Each Portfolio Acquisition Executive (PAE) is responsible for the entire end-to-process of the different Acquisition functions: Capability Gaps/Requirements, System Centers, Programming, Acquisition, Testing, Contracting and Sustainment. PAEs are empowered to take calculated risks in pursuit of rapidly delivering innovative solutions.

PAE Offices Are Matrix Organizations
Portfolio Acquisition Executives (PAEs) are organized as a matrix organization – using people from existing organizations – requirements, PEOs, sustainment, contracting etc. The PAEs themselves will have a small staff for coordination.

Portfolios Around Common Problems
In the past, Acquisition was organized by weapon systems and managed by Program Executive Offices. Portfolios will organize instead around common Warfighting Concepts, technologies, or operational integration needs.

Multiple Portfolios In Each Service
Each of the services are consolidating and reorganizing the functions of what were their Program Executive Offices into Portfolios. Program Executive Offices/Officers (PEOs) will become Capability Program Executives (CPEs), and act as a Portfolios’ acquisition arm.

(The examples below are from the Army. Other Services will have equivalent organizational designs for their Portfolios.)

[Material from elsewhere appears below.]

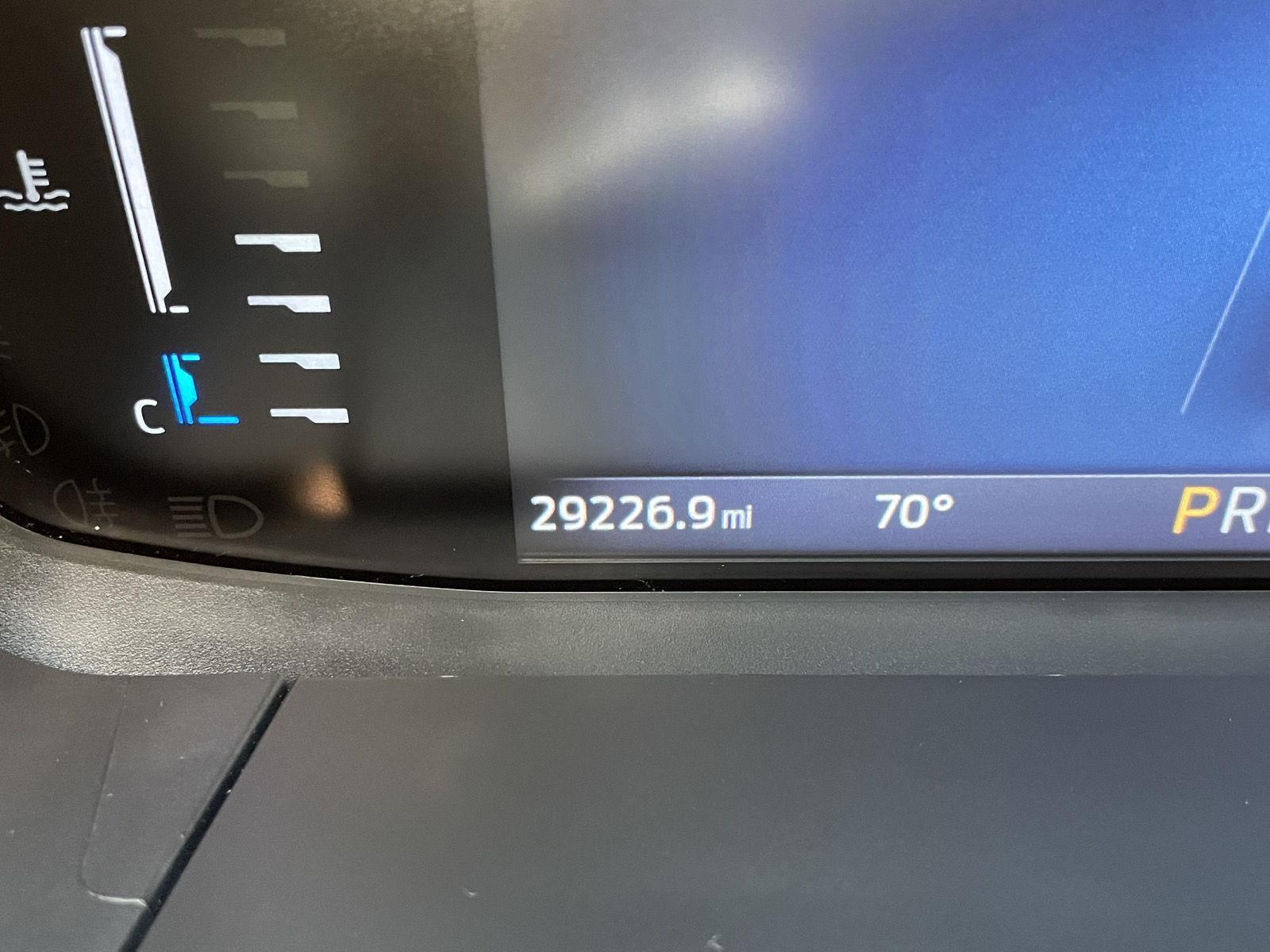 Used 2024 Ford Escape Active SUV for sale in Lincoln NE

The acquisition chain of authority runs directly from Capability Program Manager to PAE to the Service Acquisition Executive (SAE), with no intermediate offices or approval layers. (The Service Acquisition Executive for the Army is the Assistant Secretary for Acquisition, Logistics & Technology. For the Navy/Marines, the Assistant Secretary for Research, Development & Acquisition. For the Air Force/Space Force the Assistant Secretary for Acquisition, Technology & Logistics.)

The Army Has 6 Portfolio Acquisition Executives
For example, the Army will likely reorganize its 12 existing PEO offices to become part of 6 portfolios aligned with Army Warfighting Concepts and functions. Each of the 6 portfolios headed by a PAEs will be commanded by a Major General.

The likely 6 Army Portfolios are: 1) Maneuver, 2) Maneuver Air, 3)  Fires, 4) C2/CC2,  5) Agile Sustainment and Ammo, and 6) Layered Protection and CBRN. One additional portfolio, called the PIT, will likely include the Army’s Innovation at the Edge activities.

Army PAE Maneuver will likely combine elements of PEO Soldier, PEO Ground Combat Systems, Future Capabilities Division and Maneuver Divisions, Test and Evaluation Integrator, Strategic Contracting Office, and others. This portfolio will likely have the Abrams tank, XM30 Mechanized Infantry Combat Vehicle (replacing the M2 Bradley), the ISV (Infantry Squad Vehicle), Soldier Borne Mission Command program (SBMC), Next Generation Squad Weapon (NGSW), Soldier Borne Sensor (SBS) program, and Organization Clothing and Individual Equipment (OCIE).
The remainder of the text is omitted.